Being a software company that collects canine data through sensors, makes it useful and feeds it to their ML algorithms for further insights, Kinship had to face challenges while fetching data older than 90 days for their Machine Learning Algorithms. Folio3 augmented its staff with an experienced Data Engineering team for faster deployment, reduced system errors, and a smooth integration on the cloud.

About the Customer

Kinship, a division of Mars Petcare, is a platform for brands building the future of pet care, combining insights, products, and services to help people be the best pet parents they can be.

Team composition
3 members
Client name
Kinship
Expertise used

Data Engineering
Duration

6 months
Services provided

Data Pipelining, Data Ingestion, Data Parallelisation, PySpark, Team Augmentation
Country

US
Industry

Embedded Software Products

Understanding the Challenge

Kinship (petinsight) collected raw accelerometer canine data from IoT devices. It was possible to fetch a single dog’s data for a short time but scaling to thousands of animals with increased time (over months or even years) seemed to be a challenge. Accessing data older than 90 days took an indefinite amount of time since there was no easy mechanism in place to dynamically convert these log files into PetInsightTimeData objects.

Solution

Folio3 AI-augmented Kinship’s staff with an experienced Data Engineering team that oversaw all the aspects of data ingestion and data parallelization, and delivered milestones on time and with the minimum amount of system and logical errors. The software solution produced consisted of multiple steps. The steps were performed simultaneously for multiple dogs to ensure multi-threading.

Avoiding Data Duplication

The pulled log paths were checked against the existing log file paths in the Delta table. Only distinct paths were saved back to the Delta table to avoid data duplication.

Pulling data from S3

Data against the newly added file paths was pulled from the S3 bucket. Each file path returned a PITD (PetInsight Time Data Object)

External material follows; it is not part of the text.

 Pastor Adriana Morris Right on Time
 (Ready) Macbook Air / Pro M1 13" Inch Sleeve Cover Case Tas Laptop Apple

Querying Log File Paths from DynamoDB

Based on the parameters (dog’s ID, start date and an end date), log file paths of s3 files were pulled from dynamoDB.

PITD to Accel Data Conversion

Each PITD object contained multiple Pandas Dataframes. Dataframes from all the PITD objects were traversed and concatenated in batches of Dataframes.

Data Engineering Service

Folio3’s team of Data Engineers made sure all the steps were integrated smoothly according to Kinship's consumer requirements with minimum errors and maximum efficiency.

Deployed on Databricks

All the steps are deployed, and functional on the Databricks platform. Steps are working inside Databricks workflows.

Dataframes Dumped to Delta Table

Concatenated data frames were appended to the Delta Table for further use by Data Scientists.

Result

With the Data Engineering team from Folio3, all project challenges were met and years of data on a number of animals could be fetched within minutes, instead of hours with the data pipeline developed and integrated by Folio3.